Leider gehört das Lesergame nicht zu den Punkten, die auf der Liste der unabdingbaren Aufgaben stehen. Es ist mir vorerst nicht gelungen, einen oder zwei Kollegen zu finden, die es wie bisher wöchentlich weiterführen möchten. Das ist verständlich, weil insbesondere die Vorbereitung und Verwaltung recht aufwändig ist (man zählt täglich Votes und muss immer Samstag 18 Uhr am Rechner sein). Immerhin hat sich Tjabe bereit erklärt, im Frühjahr ein bereits vorbereitetes Länder-Lesergame, die Portuguese Open, durchzuführen. Es wird jedoch keinen ESC Freestyle Contest geben und das Lesergame im Songspatensystem wird bis auf weiteres eingestellt. Leider.

Unter Umständen finden sich nach dem ESC in Lissabon doch noch ein oder zwei Blogger, die dann in der Off-Season den üblichen Second Chance Contest durchführen möchten, ich offeriere selbstverständlich meine Expertise für eine ausführliche Einführung/Übergabe.

Ansonsten heißt es für mich ab 1. Januar 2018: kein Prinz Blog mehr, auch keine anderen ESC Blogs, ich werde ein ESC-Medien freies Jahr verbringen!

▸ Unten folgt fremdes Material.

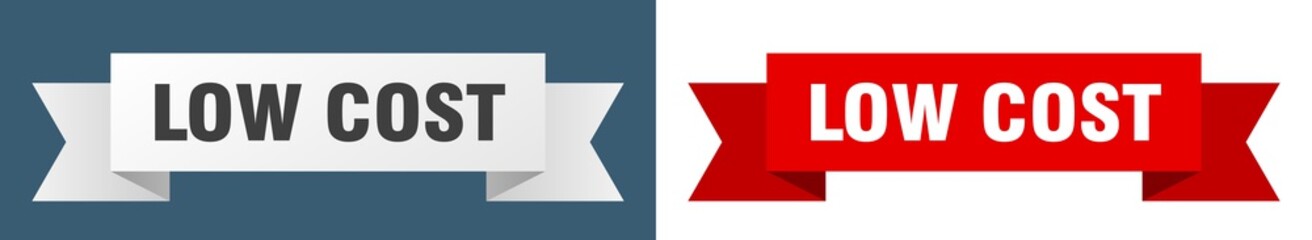 low cost ribbon. low cost isolated paper sign. banner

In Lissabon werde ich voraussichtlich als ganz normaler Fan weilen, der erstmals seit den 80er-Jahren wieder einen ESC anschauen wird, ohne die Titel vorab gehört zu haben! Nun ja fast… ich werde mir Sanremo nicht verkneifen können und die deutsche Vorentscheidung wird man medienmäßig wohl auch nicht ignorieren können.

Womöglich werde ich ab 2019 wieder Lust haben, als ESC Blogger zurückzukehren, vielleicht als aktiver oder als Gastblogger, vielleicht auch an anderer Stelle. Womöglich blogge ich dann aber auch über ein anderes Thema, das mich sehr interessiert. Spontan fallen mir Reisen in abgelegene Gebiete, innovative Süßwaren oder Prominente mit Kieferfehlstellungen ein.

Ich möchte mich hier herzlich bei allen Leserinnen und Lesern bedanken, ich habe tatsächlich alle (bisher) mehr als 140.000 Kommentare gelesen und mich stets über Zuspruch und konstruktive Kritik gefreut. Besonders häufig kommentierende Leserinnen und Leser meint man schließlich auch, irgendwie zu kennen. Ihr werdet mir sehr fehlen!

Der Dank gilt natürlich auch meinen werten Kollegen Peter, Douze Points, Matthias, Jan, DJ Ohrmeister, Tjabe, BennyBenny, Marc, Salman, WM und Armen. Stay tuned!


Als Abschiedsgruß sei mir noch eine typische Drama-Ballade erlaubt, die prima zum kommenden ESC passt und gewissermaßen den Schmerz über die vielen leidvollen portugiesischen Ergebnisse versinnbildlicht. Mein liebstes Lied aus Portugal, von einer begnadeten Sängerin interpretiert, inklusive einem besonders ergreifenden „delírio vocal“ in der letzten Minute. Leider gibt es kein Original-Video von 1989 und sonst nur Playback-Auftritte in scheußlichen Settings

Auf Wiederlesen irgendwann… es war mir eine Ehre.